- IOC nation: New Zealand
- National flag: New Zealand
- Sport: Handball

HISTORY
- Year of formation: 1994; 32 years ago

AFFILIATIONS
- International federation: International Handball Federation (IHF)
- Continental association: Oceania Handball Federation (OHF)
- National Olympic Committee: New Zealand Olympic Committee
- Address: Wellington;
- Country: New Zealand

= Handball New Zealand =

Former governing body of handball in New Zealand

Handball New Zealand (HNZ) was the governing body for the sport of handball in New Zealand, which was later in competition to the New Zealand Handball Federation (NZHF). The latter was a member of the Oceania Handball Federation (OHF) and the International Handball Federation (IHF).

== History ==
Handball New Zealand (HNZ) was founded in 1994. In 2005 a second federation, the New Zealand Handball Federation (NZHF), was founded.
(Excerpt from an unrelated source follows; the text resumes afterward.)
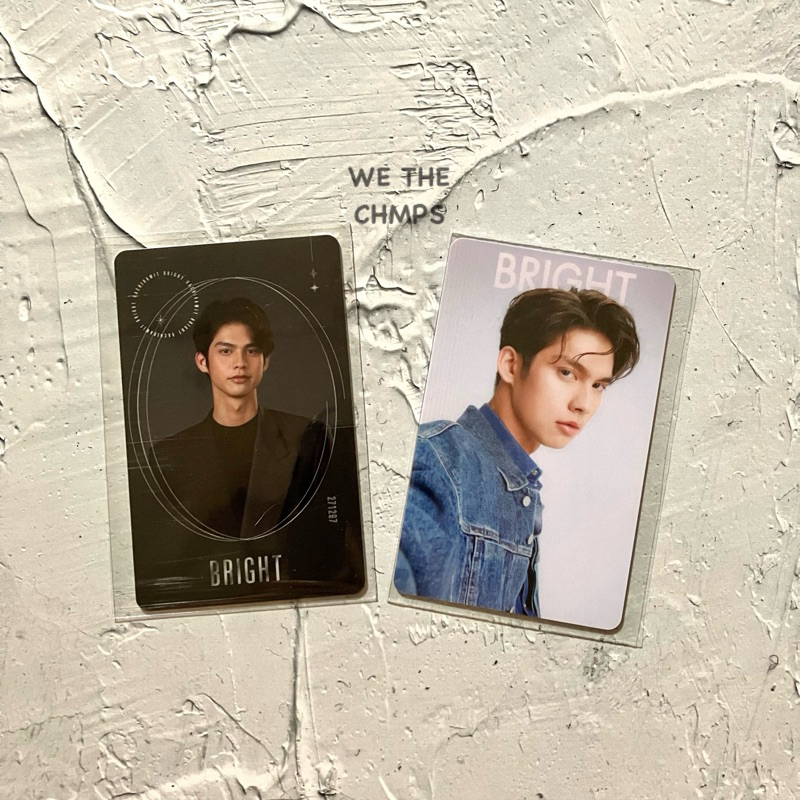 Official Photo Card Bright Vachirawit Signature Series Exclusive PC Bright Vachirawit GMMTV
In 2006 the New Zealand Olympic Committee (NZOC) suspended the HNZ. Later on, the International Handball Federation (IHF) did the same. They suspended the HNZ because the HNZ was closely aligned with Vern Winitana, president of the Oceania Handball Federation (OHF). He was kicked off the IHF Council in 2009. One week later the IHF Congress recognised the NZHF. In 2010 the Sports Tribunal of New Zealand dismissed the lawsuit of the HNZ against the NZOC for the suspension.